Note that the vendor variable should be a unique string (made up by your) for your system, not a larger entity (like the whole library or the institution).

The “MARC Format” filter we’re using is not a filter for real MARC. It’s a MARC-like delimited format (see an example from my catalog).

Basically, you have three types of lines (but really, look at the example, ’cause it’ll make everything a lot clearer):

LEADER

  LEADER [one space] [leader text]

Control Field

  [three-digit control tag] [four spaces] [data text]

Data Field

  [three-digit data tag] [one space] [ind1] [ind2] [one space] [value of subfield a] [other subfield constructs]

…where [other subfield constructs] look like

  [pipe characeter][subfield code][subfield value]

Notice that (a) there’s no leading ‘|a’ before the subfield a value, and (b) there are no spaces between the pipe, the subfield code, and the subfield value for the non-code-a subfields.

Some easy PHP code to produce such a format is as follows. Note that I’m sending it as text (because it’s not MARC) and UTF-8. If you’re got MARC-8, you’ll have to convert it before sending.

  1.       $m = $this->marcRecord;
  2.       header('Content-type: text/plain; charset=UTF-8');
  3.  
  4.       echo 'LEADER ', $m->getLeader(), "\n";
  5.      
  6.       foreach ($m->getFields() as $tag => $val) {
  7.         echo $tag;
  8.         if ($val instanceof File_MARC_Control_FIELD) {
  9.           echo '    ', $val->getData(), "\n";
  10.         } else {
  11.           echo ' ', $val->getIndicator(1),  $val->getIndicator(2), ' ';
  12.           $subs = array();
  13.           foreach ($val->getSubFields() as $code=>$subdata) {
  14.             $line = '';
  15.             if ($code != 'a') {
  16.               $line = '|' . $code;
  17.             }
  18.             $subs[] = $line . $subdata->getData();
  19.           }
  20.           echo implode(' ', $subs), "\n";
  21.         }        
  22.       }

MARC-HASH: The saga continues (now with even less structure)

After a medium-sized discussion on #code4lib, we’ve collectively decided that…well, ok, no one really cares all that much, but a few people weighed in.

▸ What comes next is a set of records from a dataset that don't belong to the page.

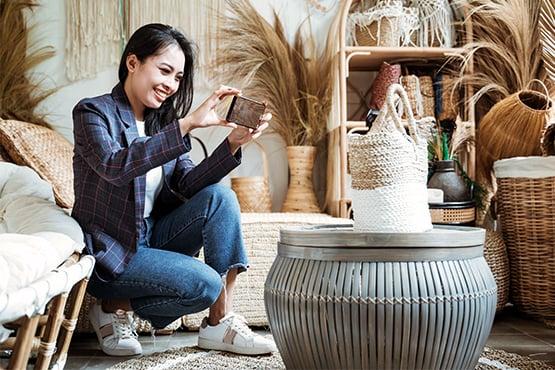 Commerçante photographiant des articles de décoration artisanale pour développer la visibilité de sa boutique sur Internet.
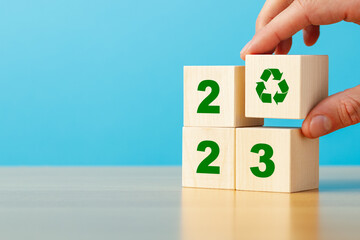 Recycling in 2023. Hand putting wooden block with recycling icon on stack of wooden blocks with...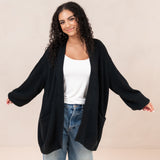 Woman wearing a black cardigan over a white top and blue jeans on a beige background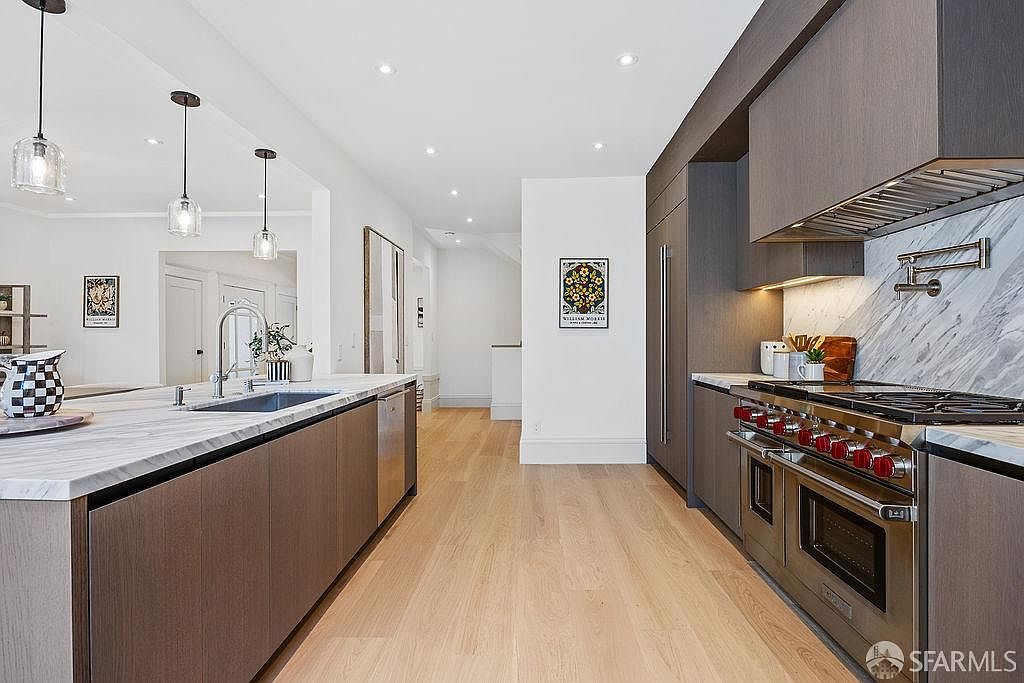 This is a well-lit, modern kitchen featuring sleek, dark wood cabinetry and stainless steel appliances. A large island with a marble countertop dominates the center, complemented by pendant lighting. The kitchen also features a professional-grade range with a stainless steel hood, and the hardwood floors add warmth to the space.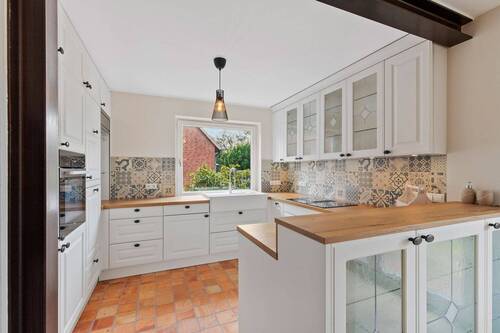 Markenküche von Häcker mit Miele- und Siemensgeräten; Bora Kochfeld mit Abzug - Doppelhaushälfte mit 127,00 m&sup2; in Hamburg zum Kaufen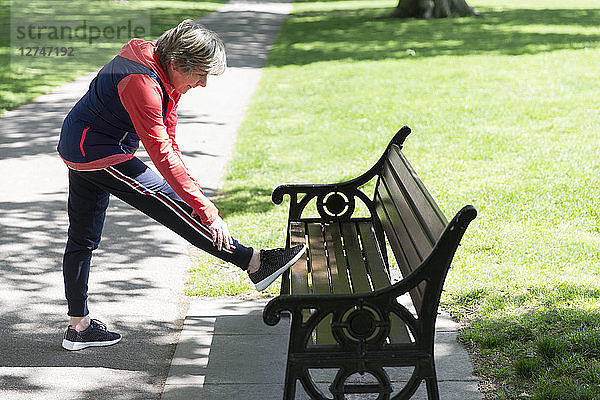 Active senior woman stretching leg on park bench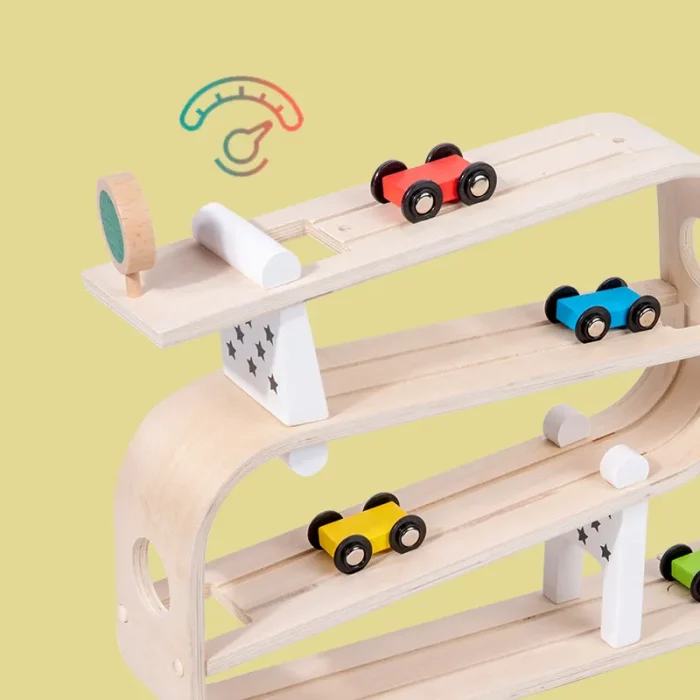 A wooden toy car track with cars on it.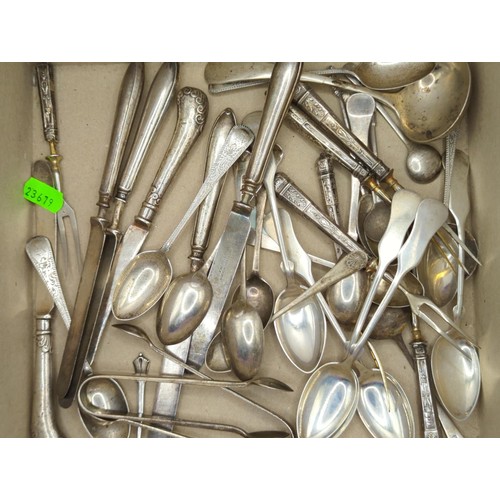 93 - Quantity of flatware, including 305 grams of British hallmarked solid silver, hallmarked silver hand... 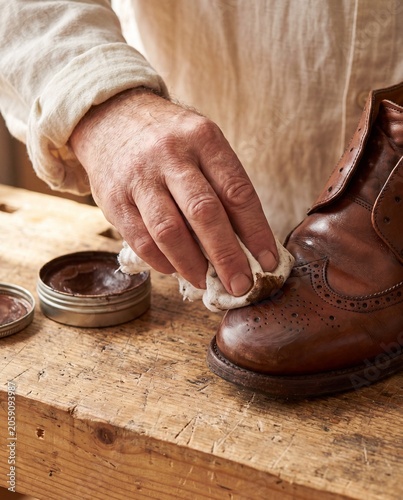 Hand applying brown shoe cream wax polish with cotton cloth to brogue dress shoe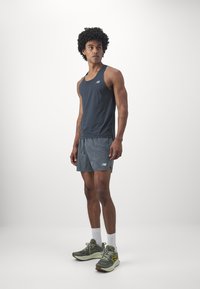 Débardeur de sport gris foncé, associé à un short gris. Chaussures de sport avec des accents verts et jaunes. Le modèle se tient sur un fond neutre.
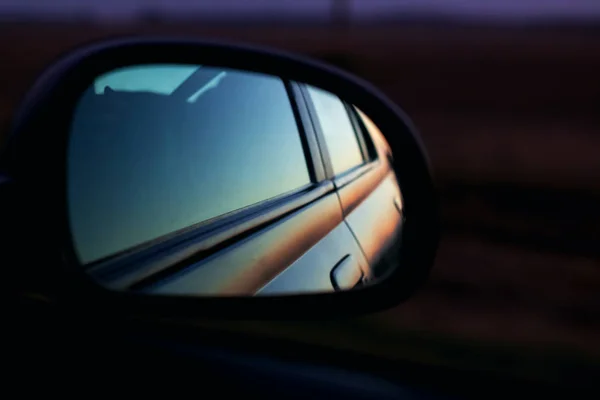 Car mirror at sunset in the dark with copy space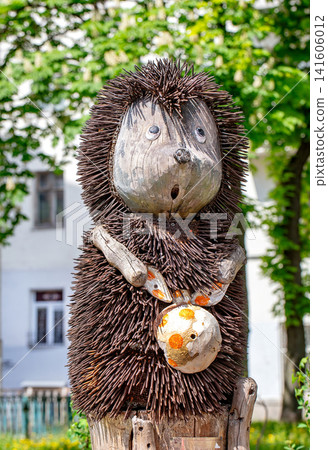 Wooden sculpture of hedgehog with knot-bag in green park during daytime. 05.12.2019. Kyiv. Ukraine Wooden sculpture of hedgehog with knot-bag in green park during daytime. 05.12.2019. Kyiv. Ukraine 141606012
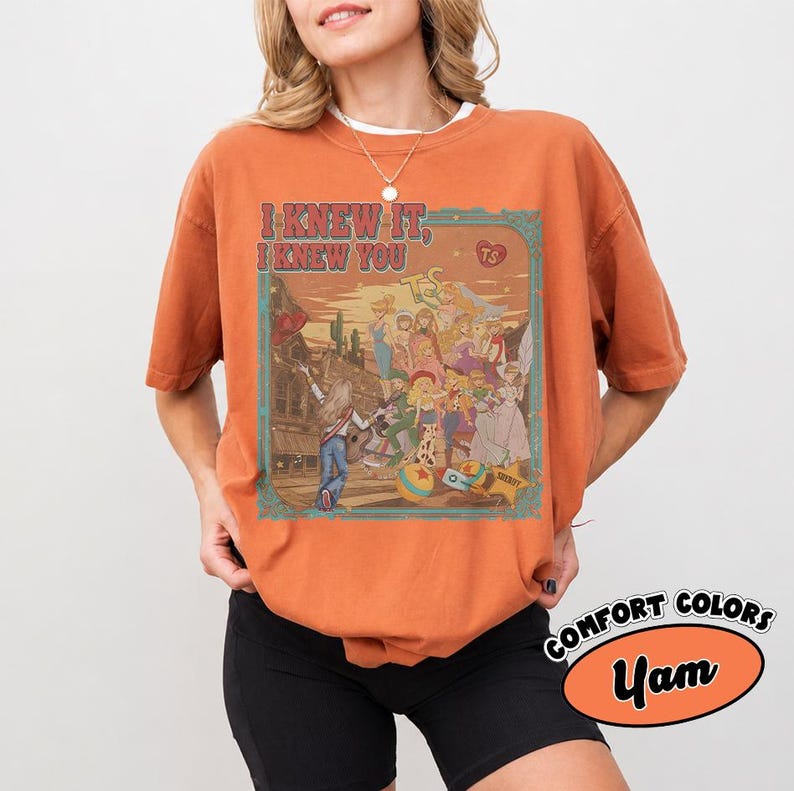 Op de afbeelding: Een roestoranje t-shirt met korte mouwen en een grafische print met de tekst I KNEW IT, I KNEW YOU. De illustratie toont een groep geanimeerde personages in een woestijnomgeving met een gebouw, cactussen en een stervormig badge-icoon.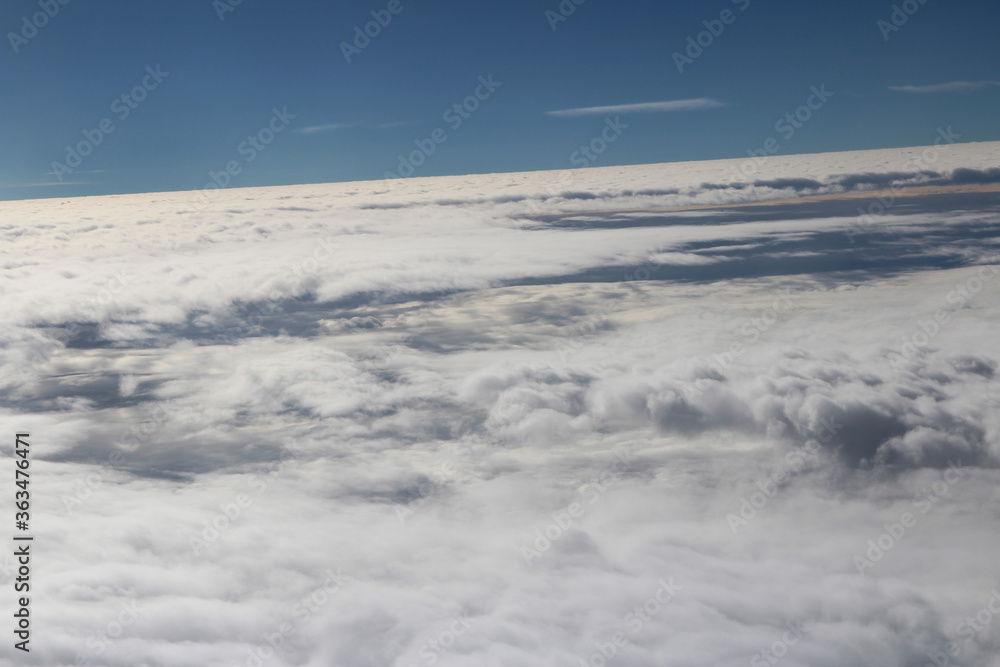 Cloud texture and blue sky during sunrise viewed from airplane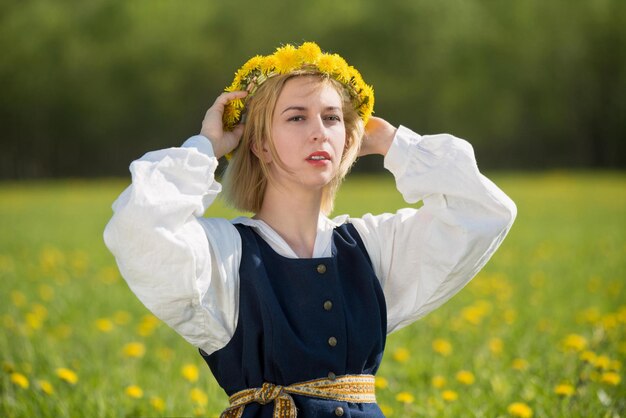 Mujer joven en ropa nacional con corona de diente de león amarillo en el campo de primavera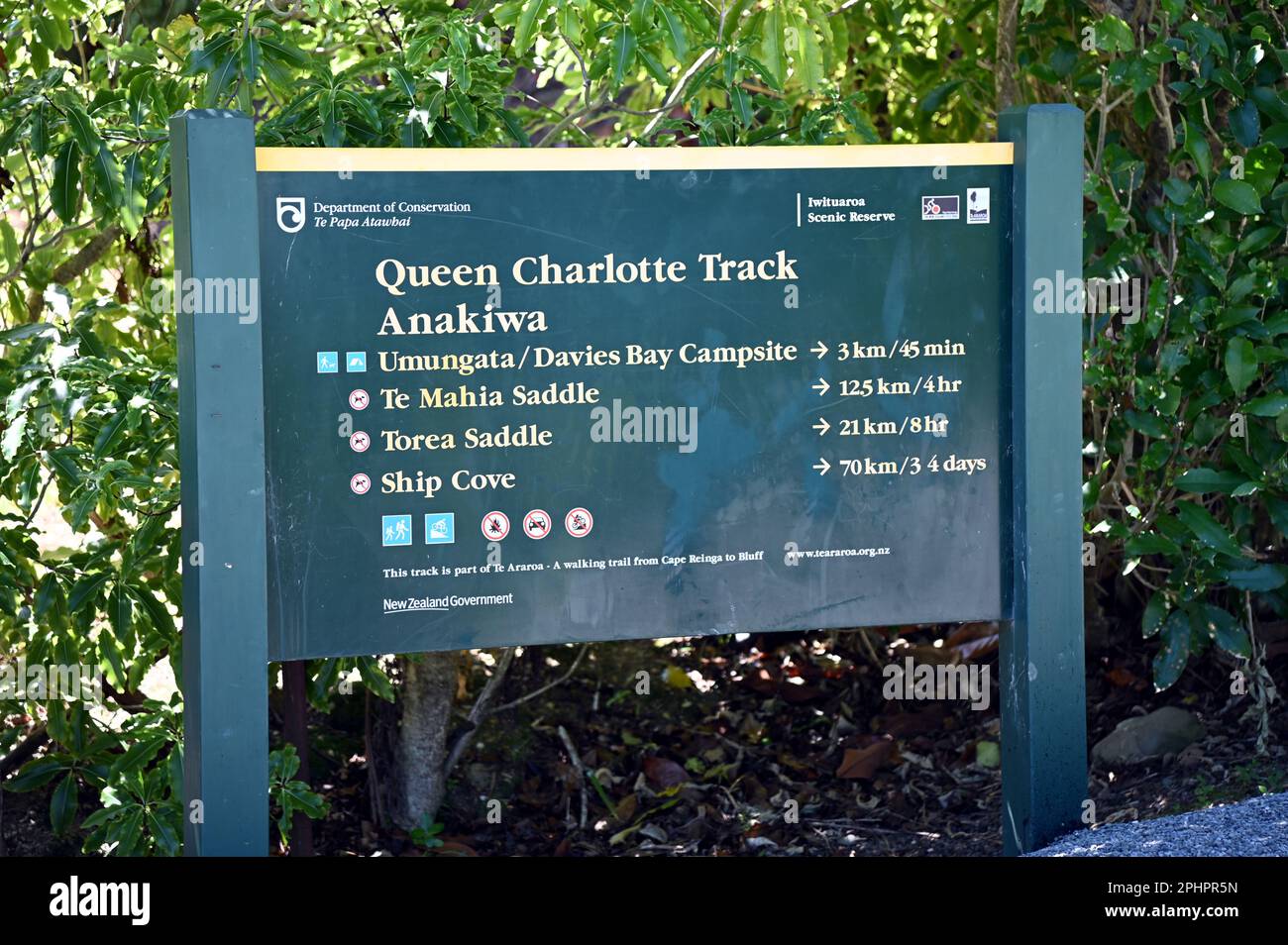 The Department of Conservation (DOC) sign at Anakiwa marking the start (or finish) of the 70+Km Queen Charlotte Track. The track ends at Ship Cove. Stock Photo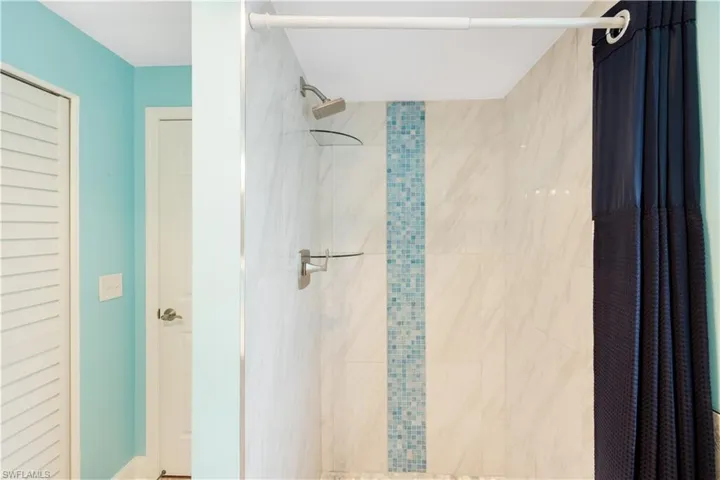 Bathroom with a shower with curtain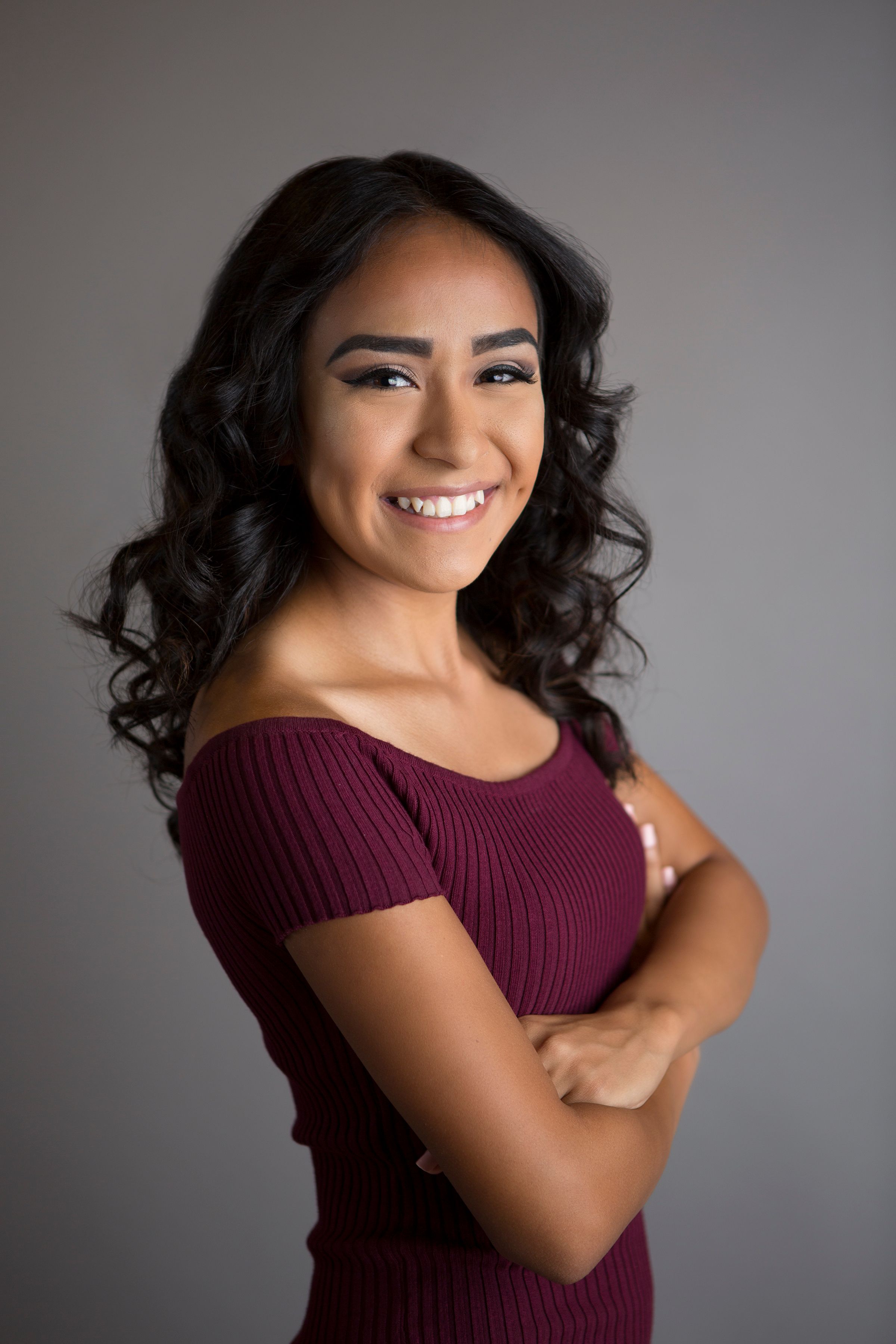 Studio portrait of someone in a burgundy top with curly dark hair against a gray background.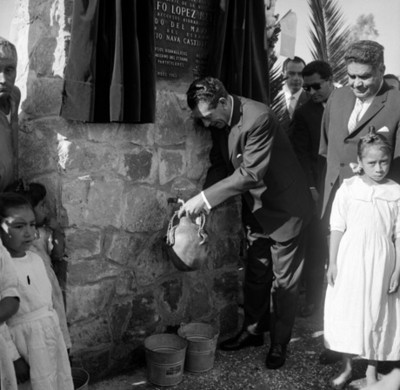 Adolfo López Mateos llenanddo un cántaro de agua durante la inauguración de Agua Potable Acatlán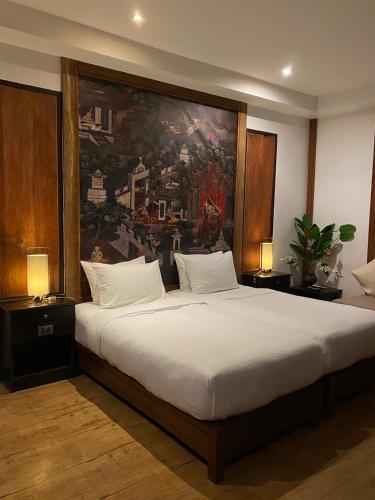 a bedroom with a large bed with a painting on the wall at Tukonnee Villas Koh Yao Noi in Ko Yao Noi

The new format is: A list of arrays. If it’s got two elements, it’s a control field; if it’s got four, it’s a data field.

SO….it’s like this now.

  1. {
  2.   "type" : "marc-hash",
  3.   "version" : [1, 0],
  4.  
  5.   "leader" : "leader string"
  6.   "fields" : [
  7.      ["001", "001 value"]
  8.      ["002", "002 value"]
  9.      ["010", " ", " ",
  10.       [
  11.         ["a", "68009499"]
  12.       ]
  13.     ],
  14.     ["035", " ", " ",
  15.       [
  16.         ["a", "(RLIN)MIUG0000733-B"]
  17.       ],
  18.     ],
  19.     ["035", " ", " ",
  20.       [
  21.         ["a", "(CaOTULAS)159818014"]
  22.       ],
  23.     ],
  24.     ["245", "1", "0",
  25.       [
  26.         ["a", "Capitalism, primitive and modern;"],
  27.         ["b", "some aspects of Tolai economic growth" ],
  28.         ["c", "[by] T. Scarlett Epstein."]
  29.       ]
  30.     ]
  31.   ]
  32. }

MARC-HASH control field, now with less structure

Why do I ever, ever think that MARC might not rely on order? I don’t know.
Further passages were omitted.